Material supplied:
• • • •

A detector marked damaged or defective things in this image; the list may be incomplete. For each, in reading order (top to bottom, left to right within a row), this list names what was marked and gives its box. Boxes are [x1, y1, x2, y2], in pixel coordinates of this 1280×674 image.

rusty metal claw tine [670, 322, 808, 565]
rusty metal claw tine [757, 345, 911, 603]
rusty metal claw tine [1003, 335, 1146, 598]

• • • •

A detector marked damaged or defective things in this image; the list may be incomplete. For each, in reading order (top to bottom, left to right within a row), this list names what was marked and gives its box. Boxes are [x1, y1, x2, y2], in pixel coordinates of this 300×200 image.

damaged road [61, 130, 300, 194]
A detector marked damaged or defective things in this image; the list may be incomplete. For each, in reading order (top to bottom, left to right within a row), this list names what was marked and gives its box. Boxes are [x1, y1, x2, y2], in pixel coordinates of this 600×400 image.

• • • •

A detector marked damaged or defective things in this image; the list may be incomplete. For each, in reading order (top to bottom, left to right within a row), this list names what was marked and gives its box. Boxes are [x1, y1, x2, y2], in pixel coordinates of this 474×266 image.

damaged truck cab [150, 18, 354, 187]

• • • •

As listed above, the lines from the line with "this 300×200 image." to the line with "this 600×400 image." are to be echoed exactly, with both ends included and nothing added.

Exercise output:
A detector marked damaged or defective things in this image; the list may be incomplete. For each, in reading order (top to bottom, left to right within a row), this list names what was marked and gives its box. Boxes are [x1, y1, x2, y2], in pixel coordinates of this 300×200 image.

damaged road [61, 130, 300, 194]
A detector marked damaged or defective things in this image; the list may be incomplete. For each, in reading order (top to bottom, left to right within a row), this list names what was marked and gives its box. Boxes are [x1, y1, x2, y2], in pixel coordinates of this 600×400 image.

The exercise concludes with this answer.